New documents break down for the first time how the administration of former Gov. Paul LePage negotiated the construction and lease of a privately run state psychiatric facility that he and lawmakers battled over for years, the Bangor Daily News reported .
The facility, which will temporarily house some psychiatric patients who no longer need hospital care, has been sought for years as a way to help the Riverview Psychiatric Center in Augusta regain the federal certification that was lost in 2013.
LePage, a Republican, wanted to ensure the facility was built in Bangor, on the Dorothea Dix Psychiatric Center campus, and not in Augusta, where the Riverview Psychiatric Center is located.
The letter bars the lease from being terminated so the building and services could be relocated elsewhere. Even if the state was intent on building a center in Augusta, the state would have to continue to keep at least seven patients in the Bangor center, the newspaper said.

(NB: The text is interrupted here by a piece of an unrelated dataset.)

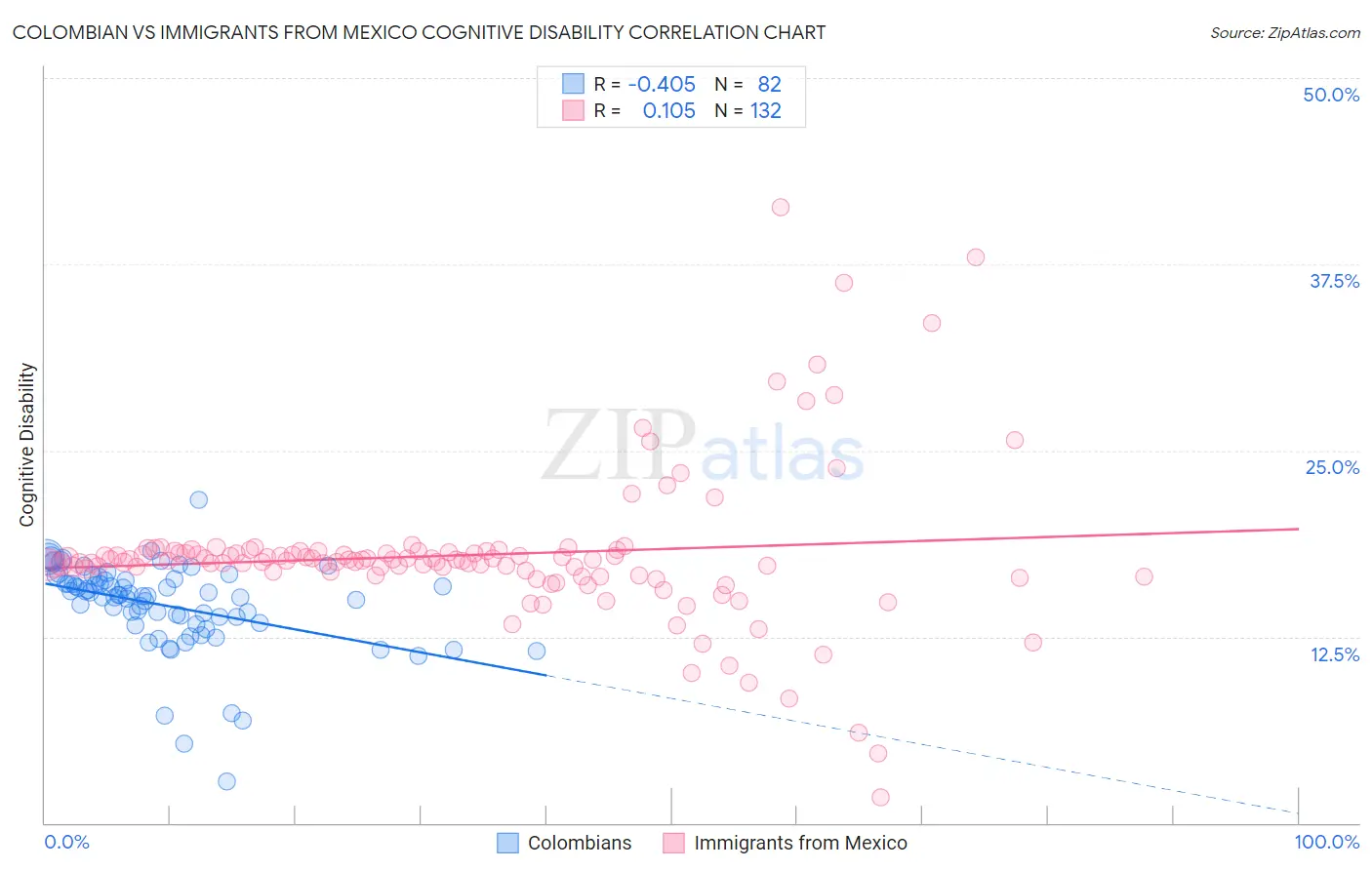 Colombian vs Immigrants from Mexico Cognitive Disability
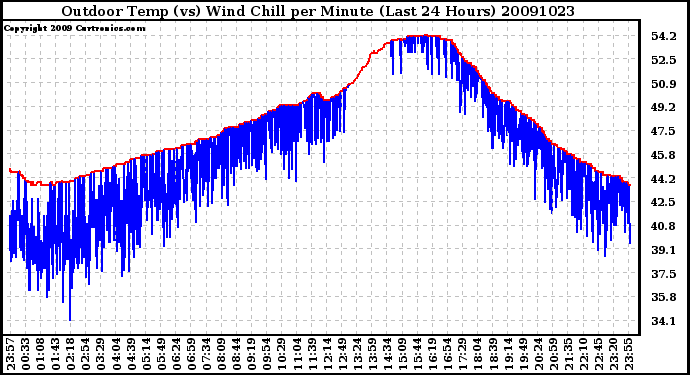 Milwaukee Weather Outdoor Temp (vs) Wind Chill per Minute (Last 24 Hours)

“It seems to me we have a hornet’s nest,” said state Sen. Geoff Gratwick, a Bangor Democrat who has favored locating the psychiatric facility in Augusta so patients can continue seeing the same care providers to whom they’ve become accustomed to during their time at Riverview.
The lease came together in LePage’s final year in office, but his administration never signed off on a deal with an out-of-state private care provider for the building.
Tennessee-based Correct Care Recovery Solutions and the state were negotiating a $60.3 million contract when a special master overseeing Maine’s mental health care system raised objections in December. The service provider delayed signing a contract due to concerns raised by the office of then-incoming Gov. Janet Mills and her administration.
A spokesman for Mills said “a thorough evaluation of all aspects” will be conducted to determine the path forward.
Meanwhile, just who the new facility will serve remains unclear. Rodney Bouffard, superintendent at Riverview Psychiatric Center, said Tuesday that Riverview has made progress moving patients back into the community, and that he wants to see how such efforts continue going forward.
“You could argue there are still people who need to be moved there, you could argue this thing either way,” Bouffard said at a Tuesday briefing to lawmakers.
Democratic Rep. Patty Hymanson, house chair of the Legislature’s Health and Human Services Committee, questioned whether the new facility would be needed if it wasn’t already being built.
Bouffard declined to answer yes-or-no.
“I’m not trying to avoid your question,” Bouffard said. “We’ve initiated these new practices, and we’re starting to see movement, we’ll see where the movement takes us.”